--- Task directions ---
Please output the lines from the one with "Table de Bistrot repliable" through the end of the data exactly as written, omitting all pictures.

-------- Records

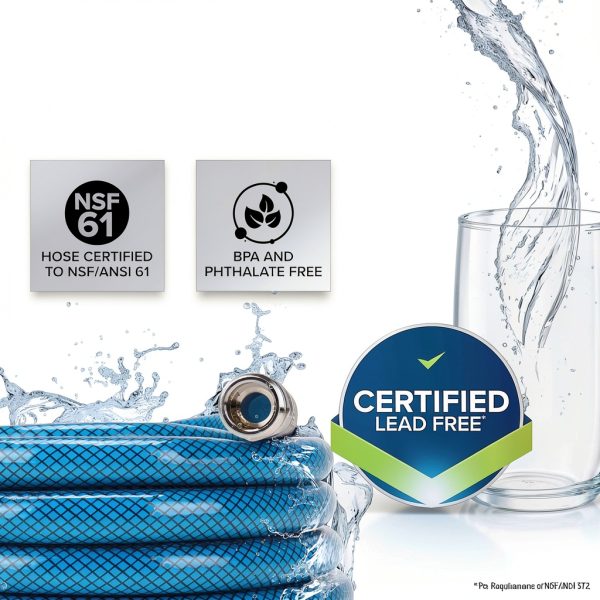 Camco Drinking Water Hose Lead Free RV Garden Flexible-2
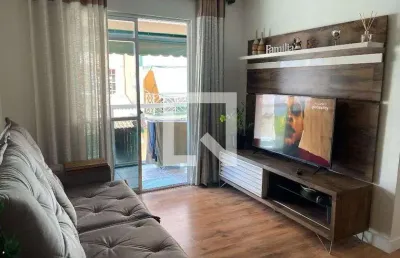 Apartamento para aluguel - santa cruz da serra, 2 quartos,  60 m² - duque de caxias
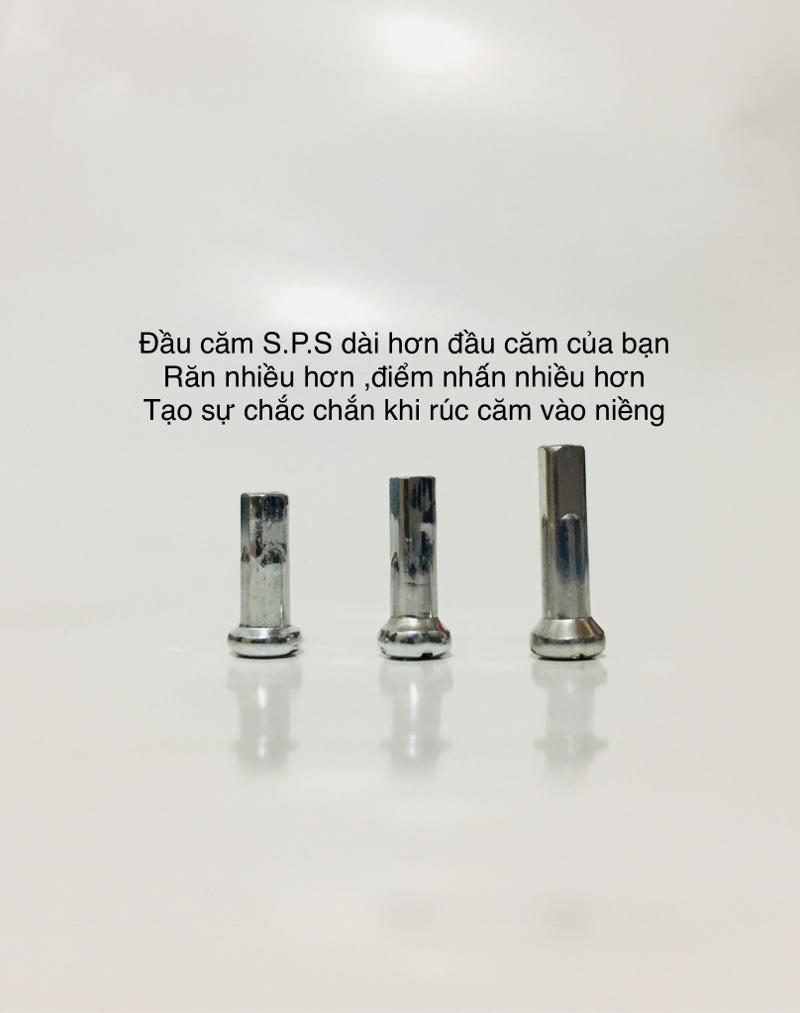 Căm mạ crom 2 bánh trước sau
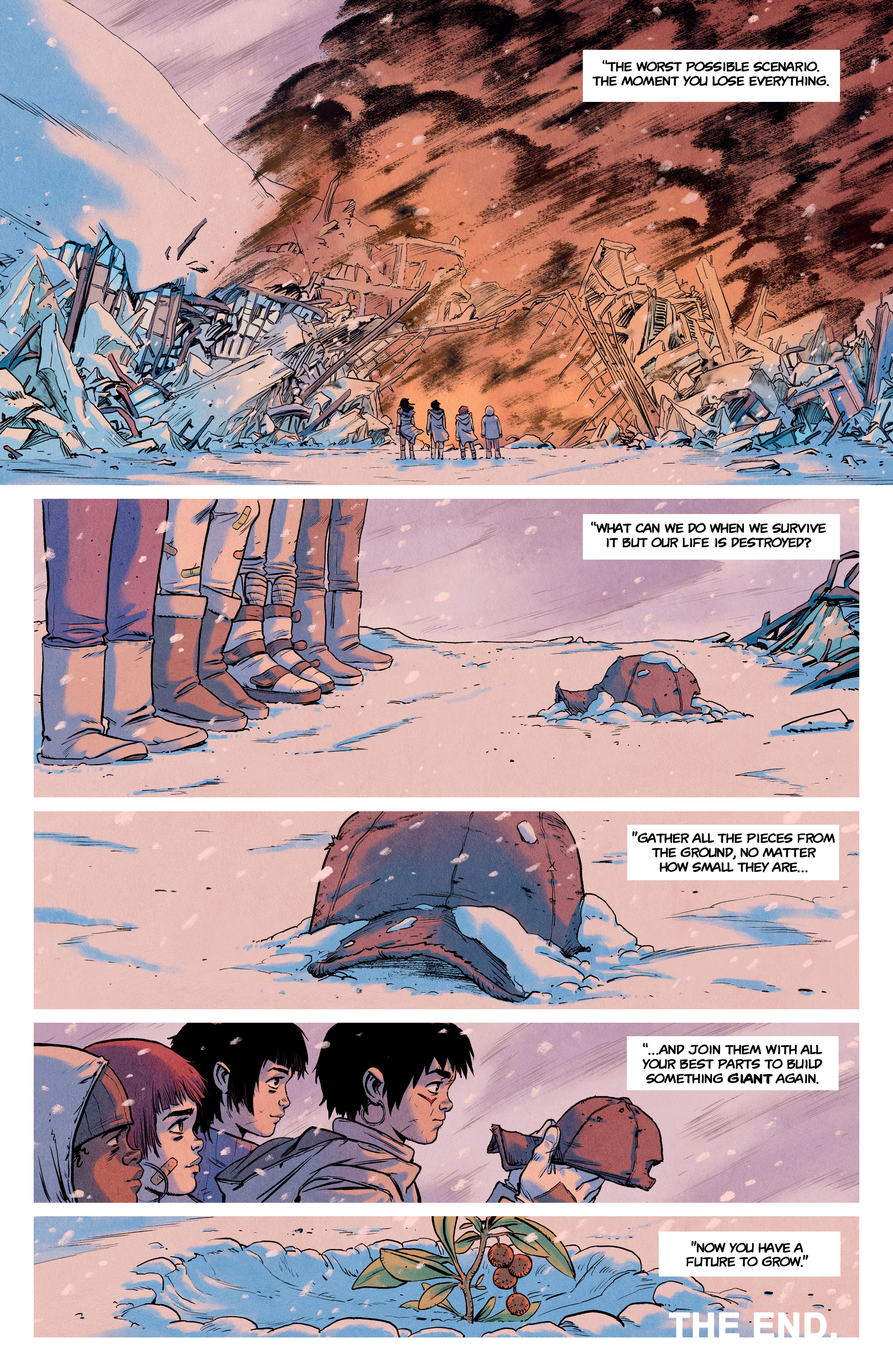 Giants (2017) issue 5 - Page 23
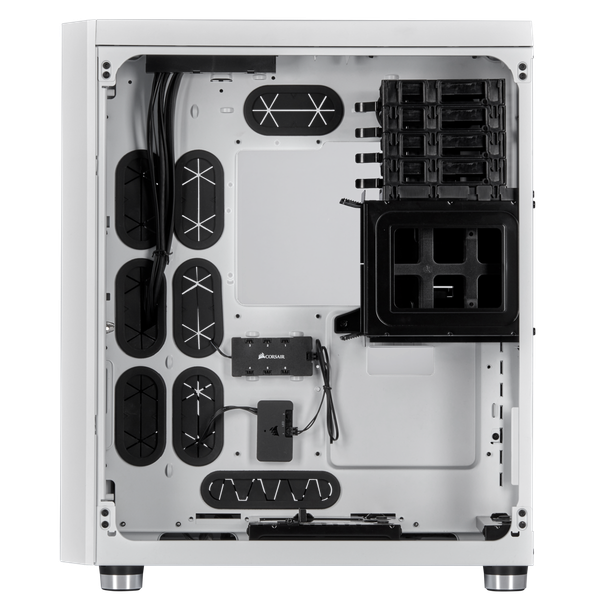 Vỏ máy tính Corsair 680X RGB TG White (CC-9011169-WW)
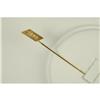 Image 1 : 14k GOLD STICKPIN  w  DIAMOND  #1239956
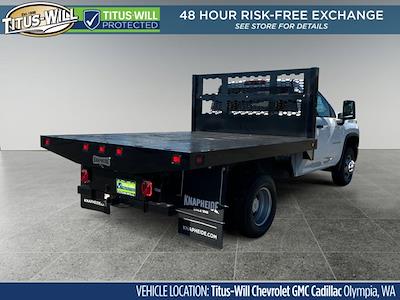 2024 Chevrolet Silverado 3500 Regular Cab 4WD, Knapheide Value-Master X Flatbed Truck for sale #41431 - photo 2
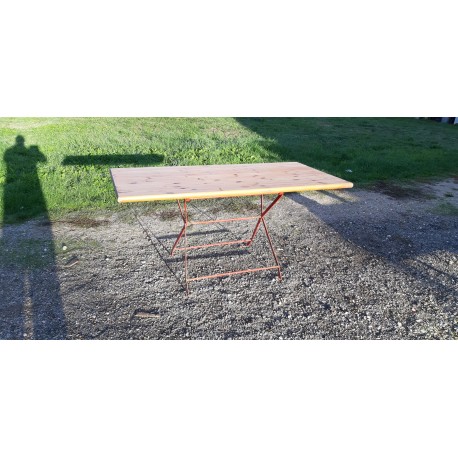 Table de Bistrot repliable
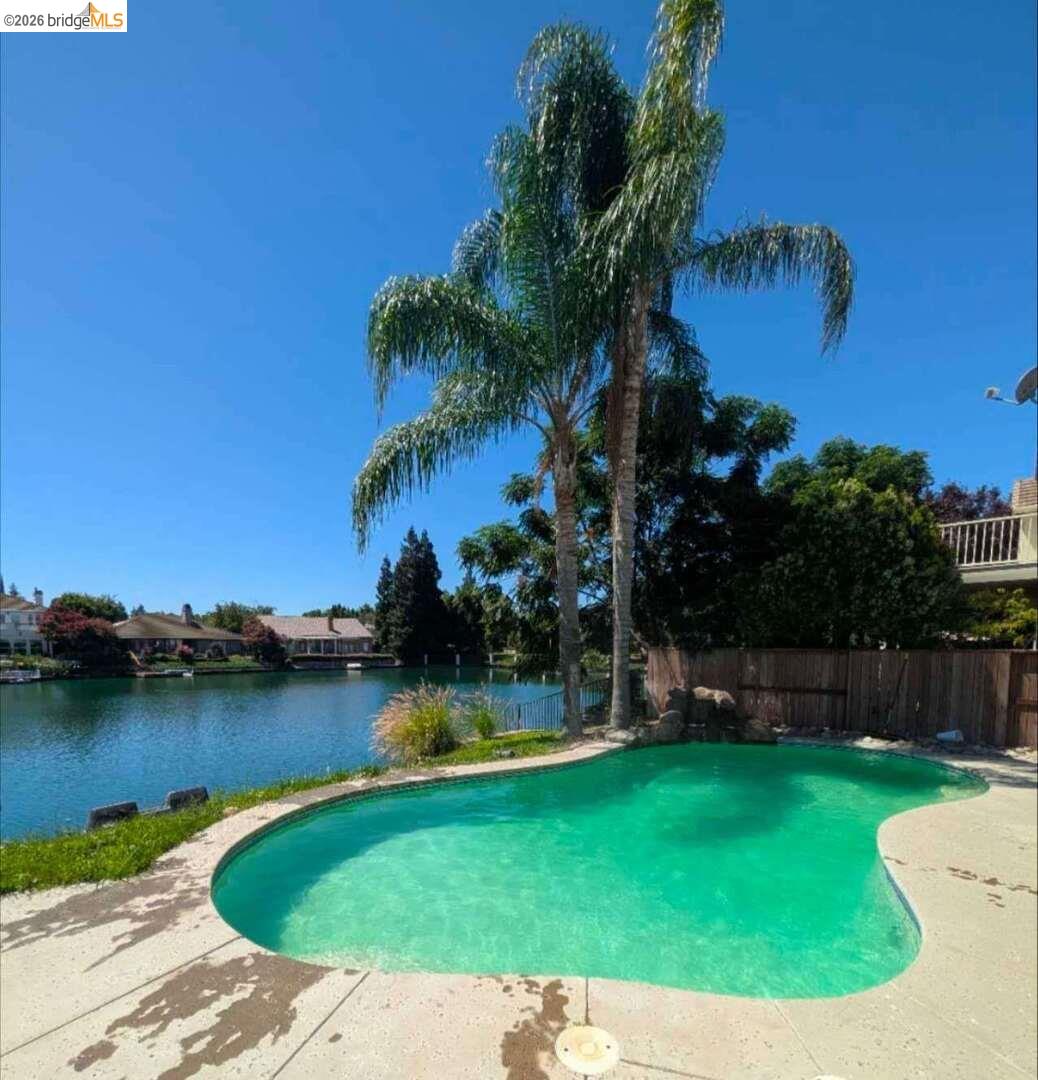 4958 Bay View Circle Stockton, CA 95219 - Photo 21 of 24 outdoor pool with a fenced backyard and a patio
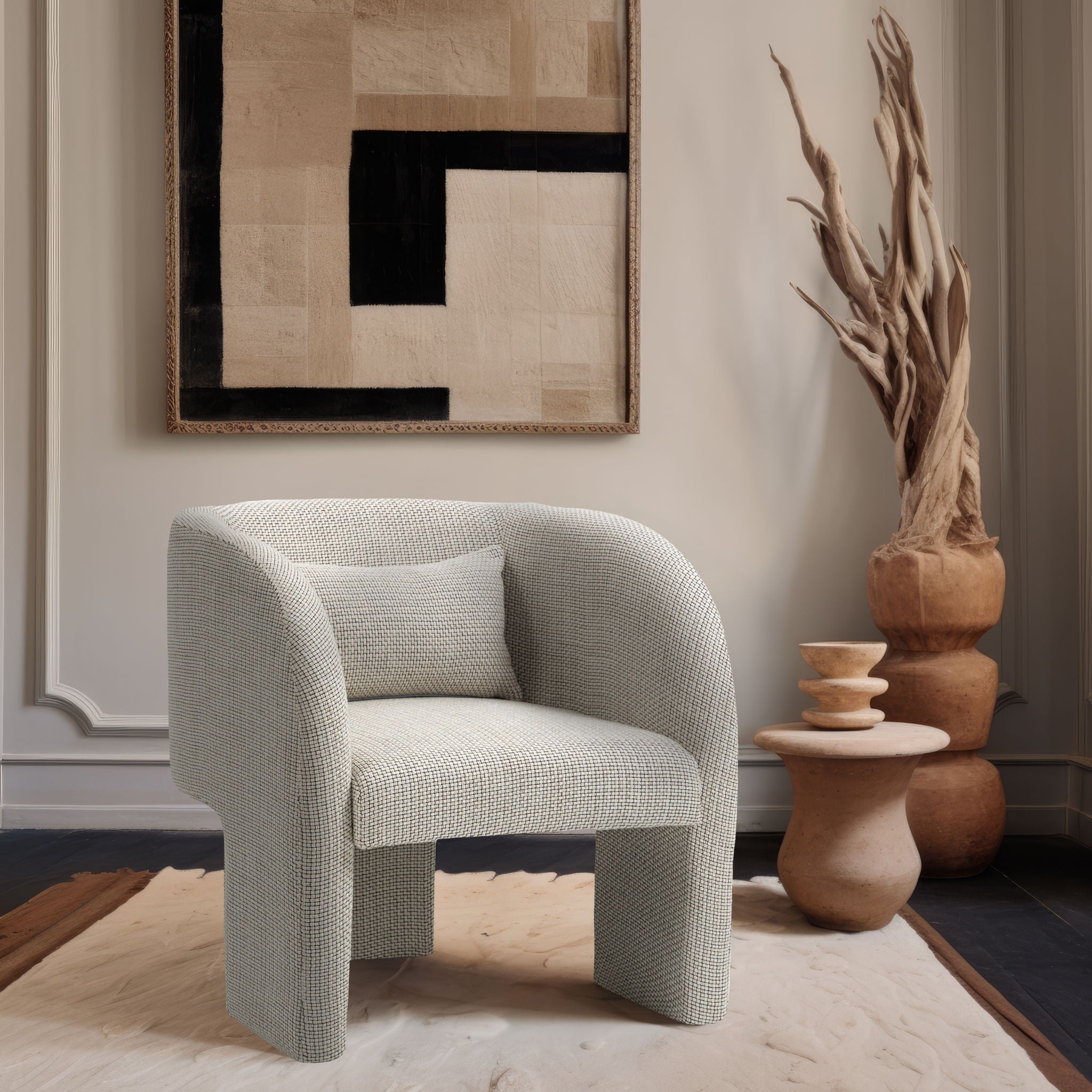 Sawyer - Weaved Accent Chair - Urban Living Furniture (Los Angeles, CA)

----------------

--- Written answer ---
 Table de Bistrot repliable
 4958 Bay View Circle Stockton, CA 95219 - Photo 21 of 24 outdoor pool with a fenced backyard and a patio
 Sawyer - Weaved Accent Chair - Urban Living Furniture (Los Angeles, CA)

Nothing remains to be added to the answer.